# Insects



## CenlaLowell (Apr 21, 2017)

My father in law is having a issue that he is concerned about. These ants around his crepe myrtles are the issue. I used Google lens and the conclusion was it was carpenter ants. What do you all think and what should he use to get rid of them?

Thanks


----------



## Mightyquinn (Jan 31, 2017)

I would think Bifen or Imidacloprid would get the job done to an extent. You could also try sprinkling some Amdro Ant Killer around the base of the trees as I have had pretty good success with that stuff. Might want to look into spraying some IGR also as it will help interrupt their growth cycle.


----------



## dicko1 (Oct 25, 2019)

Yep, Carpenter ants.

Killing the ones you see walking around wont do anything to solve the problem. You need to kill the nest. First step is to just watch them and see if you can find the nest. They move along well defined trails and if you watch their movements you can usually deduce where the nest is located. Then just spray the entrance to the nest. The best stuff I've used is Taurus SC. Its slow acting and gets tracked back into the nest and wipes it out.
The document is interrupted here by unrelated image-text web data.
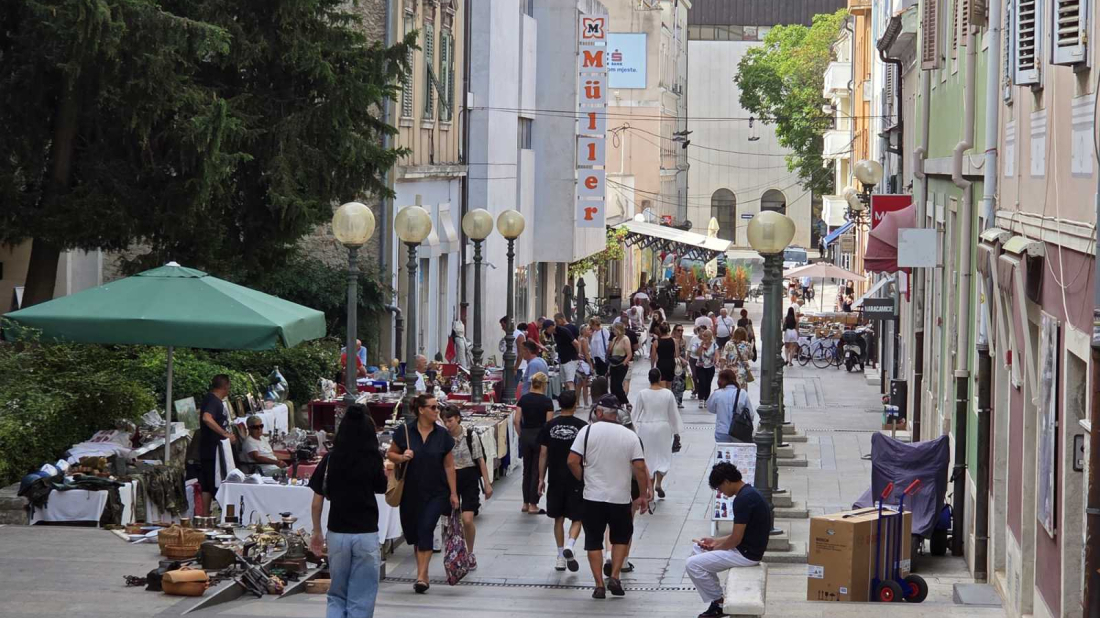 Kako pomoći djeci kada se roditelj suoči s teškom dijagnozom? U Puli se održava javna tribina „Niste sami”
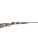 CVA Cascade 24" .30-06 Bolt Action Rifle - FDE Digital Camo thumbnail 2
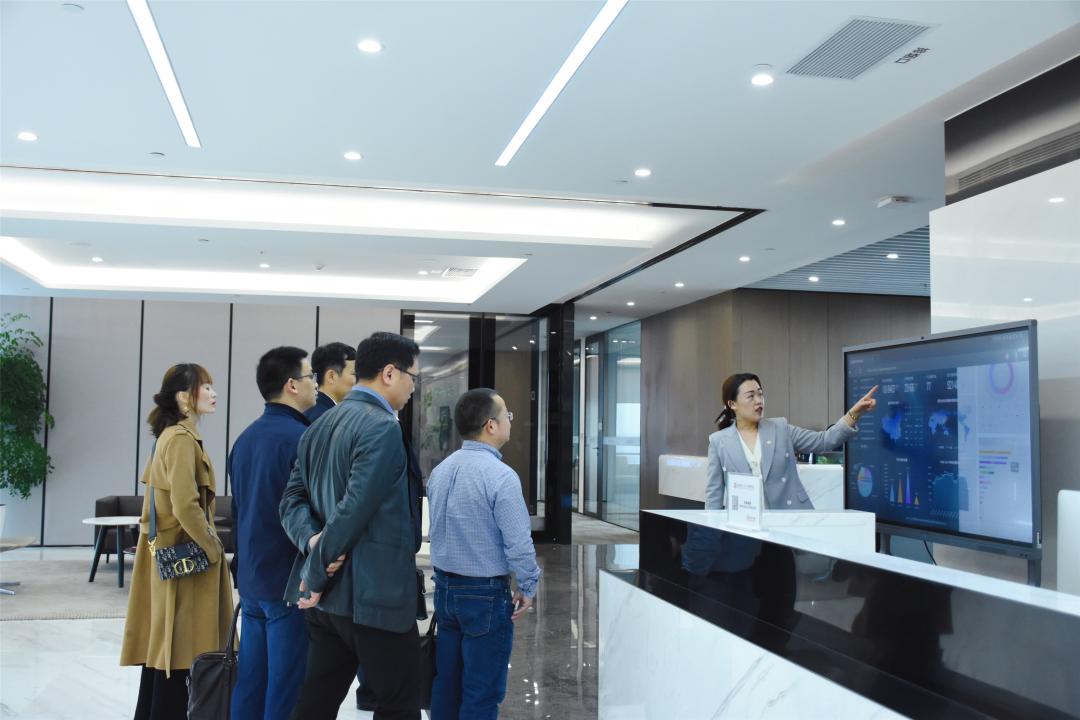 北京著名房产律师——专业解析房产疑难，保障客户权益的精英团队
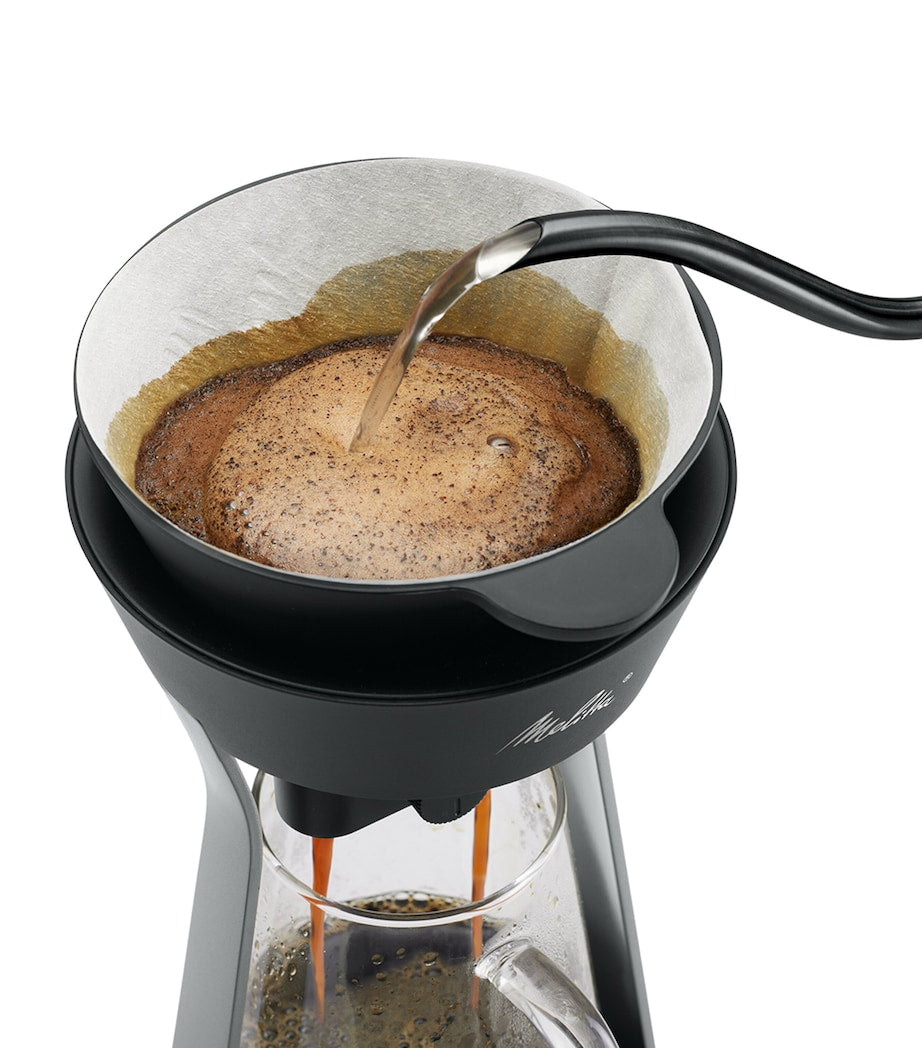 Amano Pour Over Coffee Maker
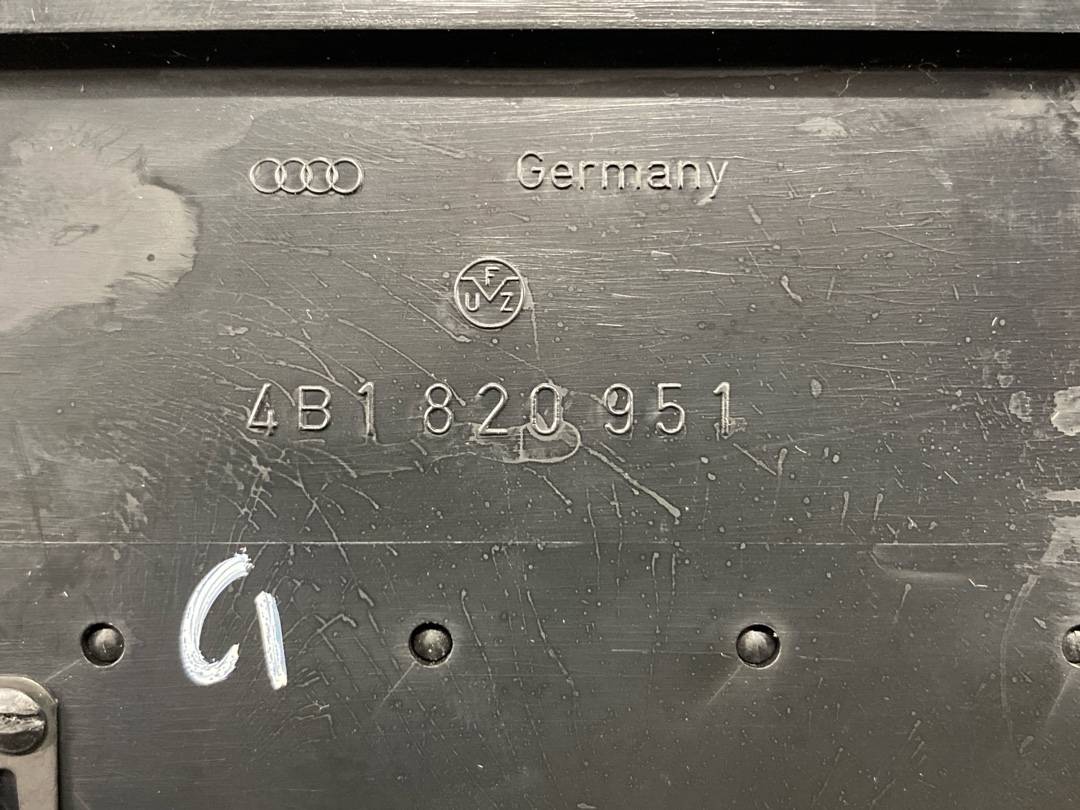 Воздуховод, 620 рублей, Красноярск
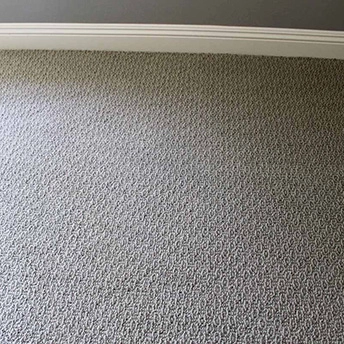 Caress Forth Carpet Shaw 2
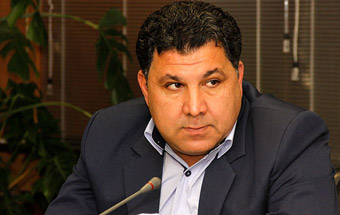 اعتراض باید در فضای آرام و در چارچوب قانون باشد/ مردم بر اساس عملکرد شهردار به ما رای دادند/ گرگان تا سال 1400 با صادقلو ابرشهر می شود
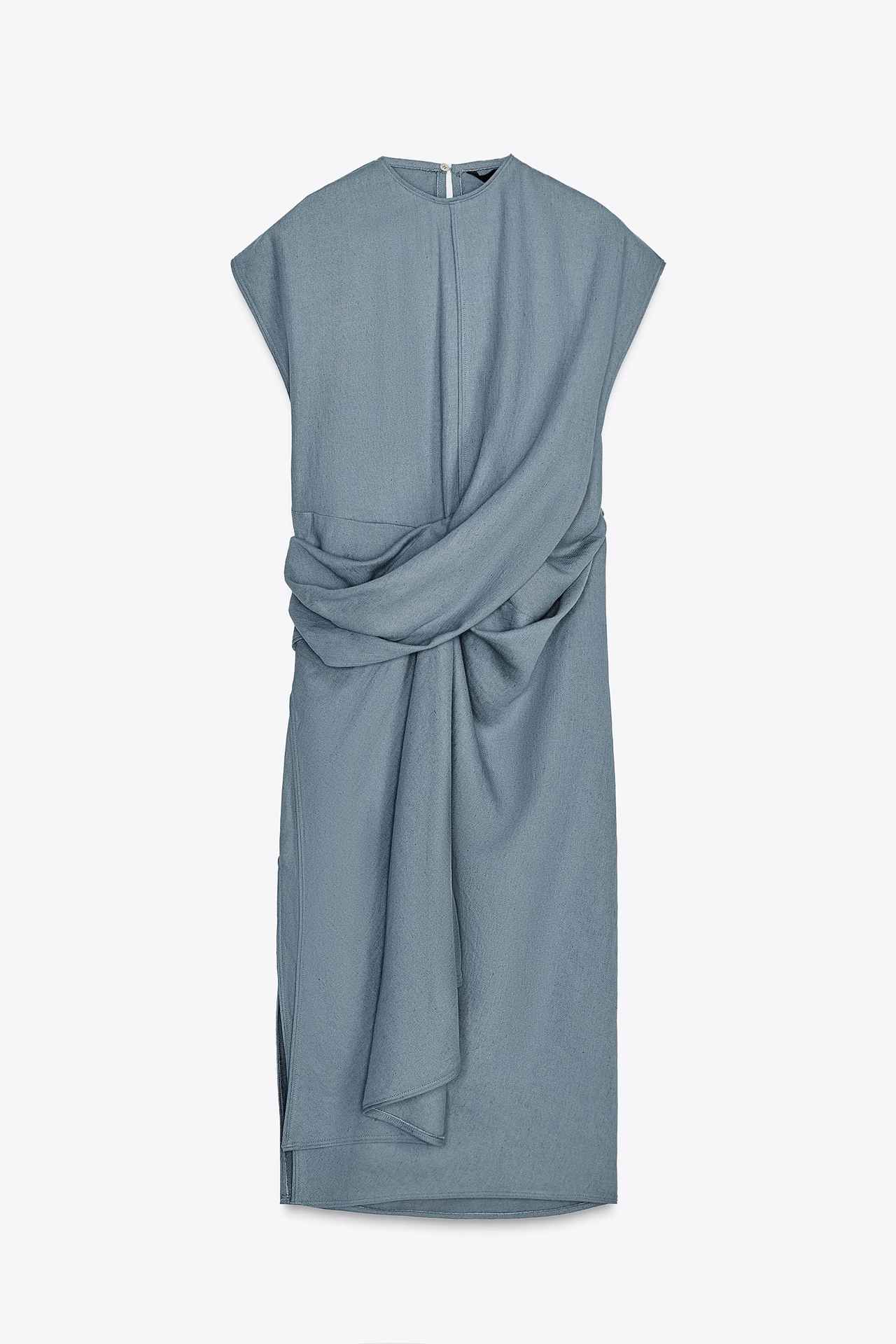 画像2: 出典:ZARA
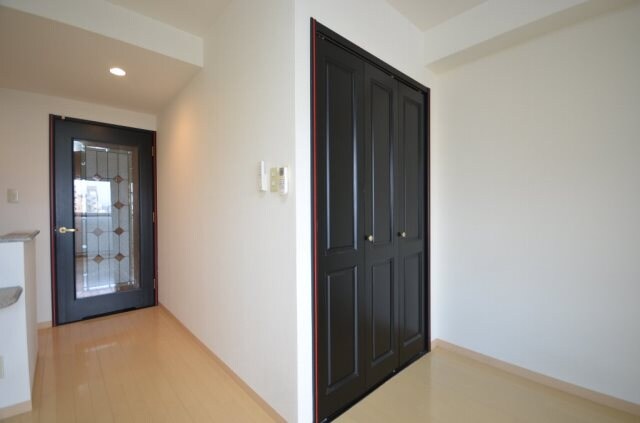 J・grace堺町の物件内観写真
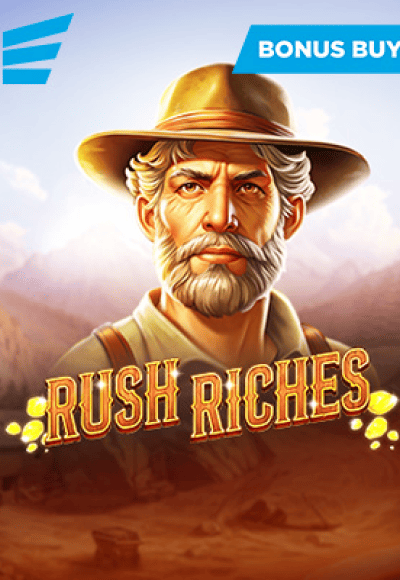 wt-evo-play cover image png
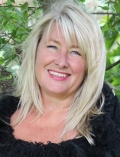 Cellina Gylling, Helsingør - Clairvoyance, Clairvoyance-healing, Åndelig udvikling, Åndsvidenskab, Børnebehandling, Genkaldelsesterapi (Regression), Grounding, Healing/ Chakrabalancering, Healingsterapi (følelsesforløsende), Kanalisering, Kinesiologi, Meditation, Spirituel healing, Stressbehandling<br/>KURSER: Spirituel praksis, Selvudvikling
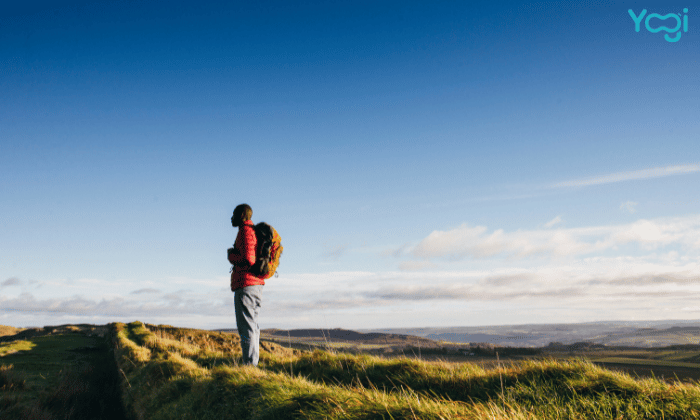 mindful travel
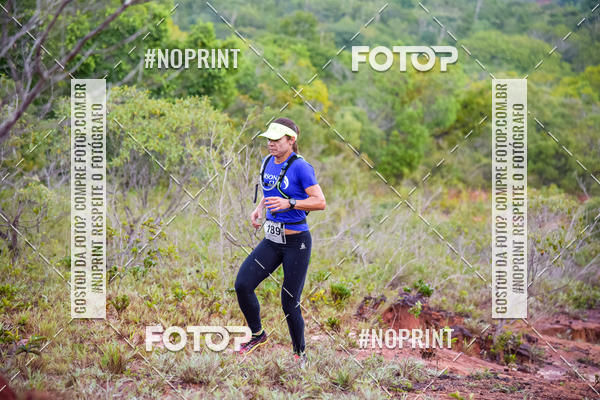 Buy your photos of the eventTrilha da Mutuca on Fotop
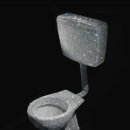 현대조각 이미지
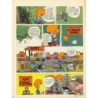 Spirou 2336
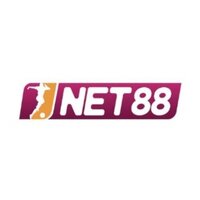 Net88 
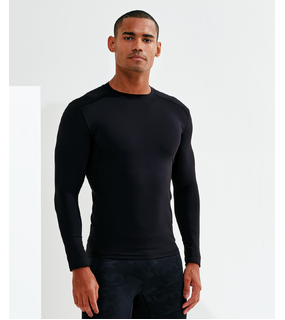 Performance Baselayer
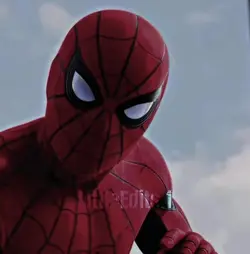 Adicione 20 clipes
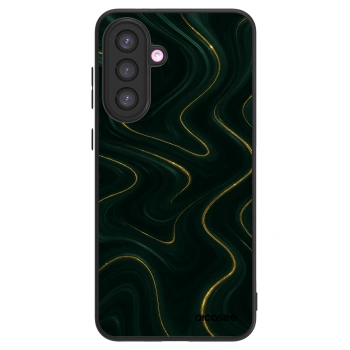 Picasee ULTIMATE CASE za Samsung Galaxy A36 5G - Vawes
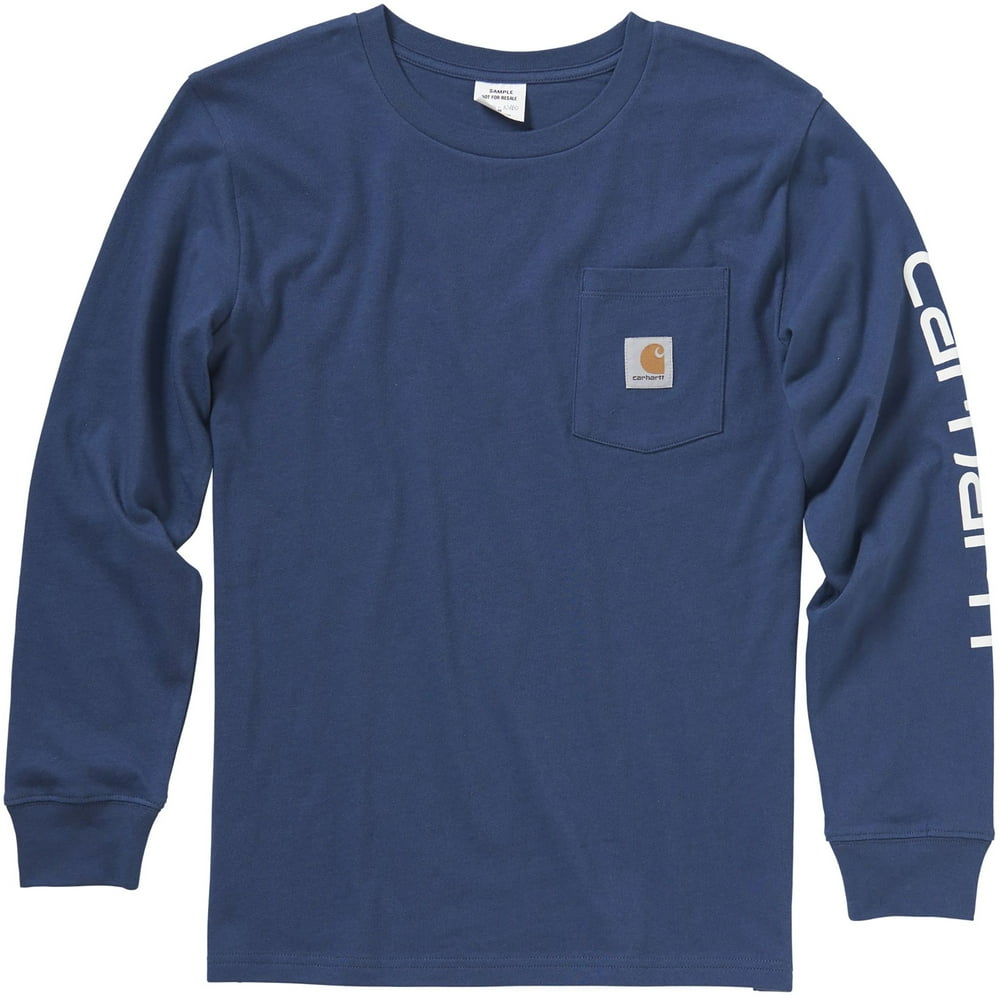 carhartt tshirt sale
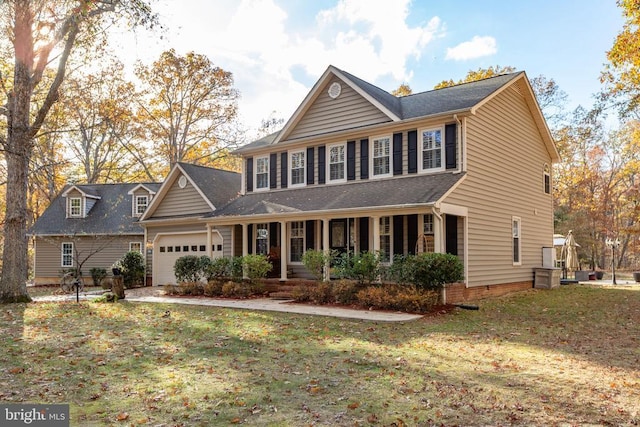 13224 Autumn Ln, Spotsylvania, VA 22553 - photo 44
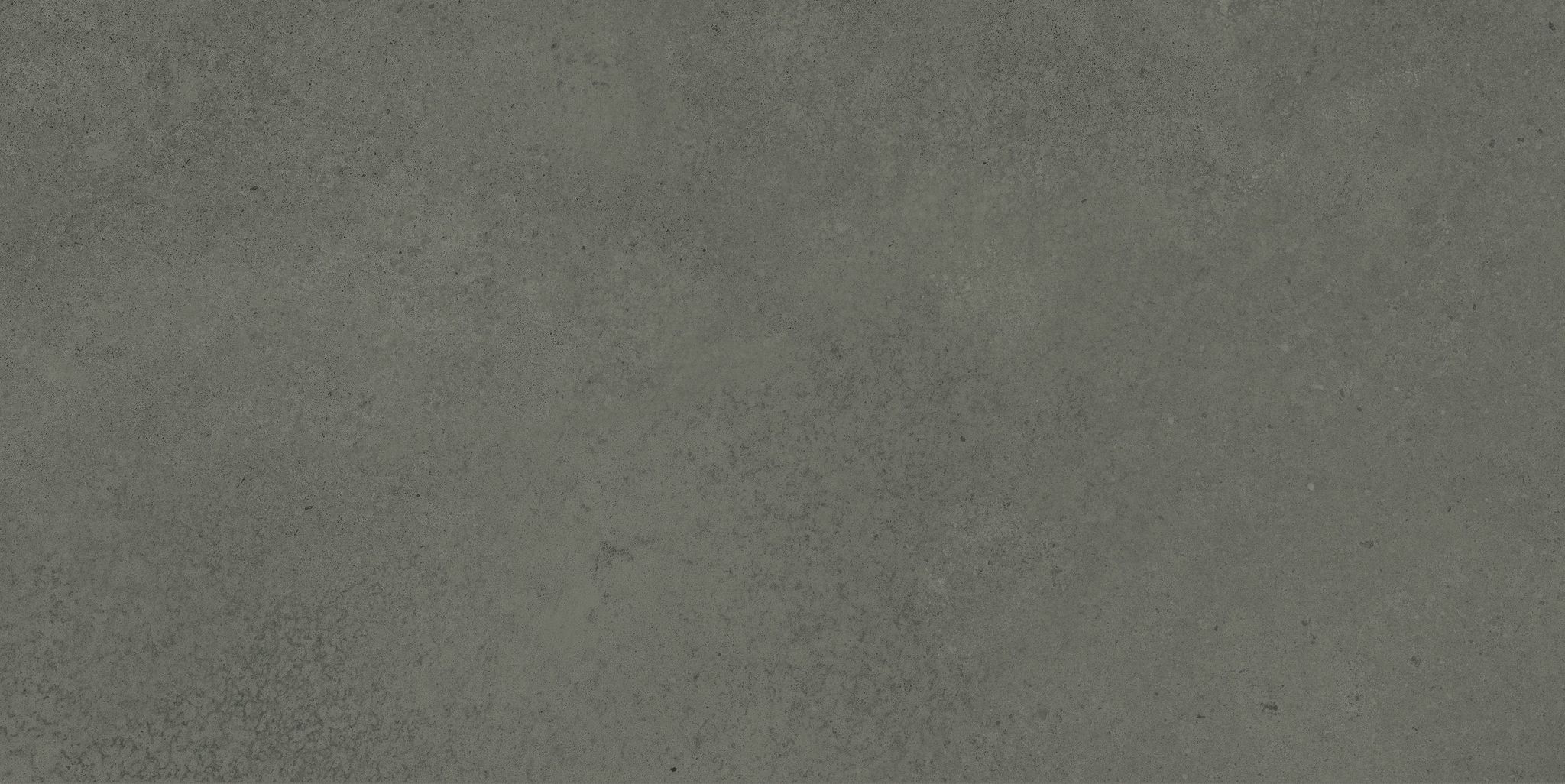 Madison 12X24F Carbon Matte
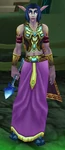 Jenai Starwhisper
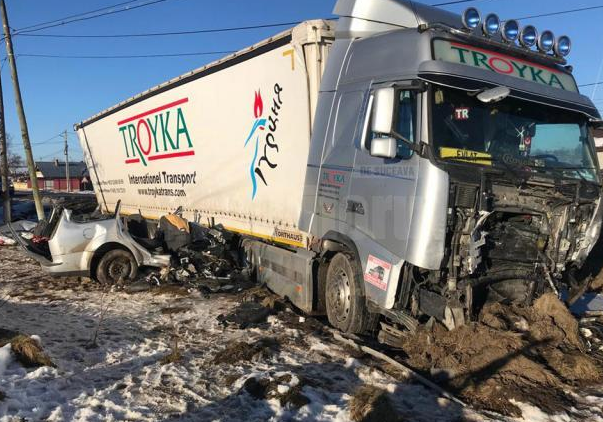 foto: monitorulsv.ro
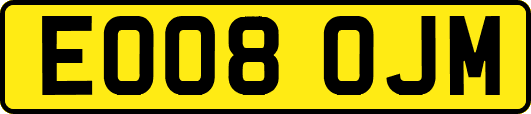 EO08OJM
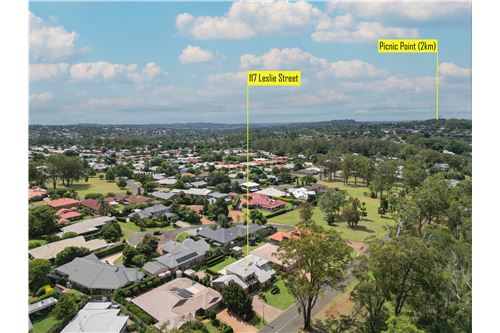 Slider Image Thumbnail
It also comes with a lot of warnings on where it can be sprayed so be careful.

Second to that is a gel bait like Combat. The problem with baits is you have to get the ants to eat it which can be difficult.

Or just hire a pro but that can be hit or miss because most dont want to go to all the trouble of finding the nest and would rather just blanket spray everything.

If you dont wipe out the nest, you'll never be rid of them.


----------



## San (Jun 21, 2021)

I've had great success with these: https://www.lowes.com/pd/TERRO-6-Count-Ant-Bait-Station-6-Pack/5001954631


----------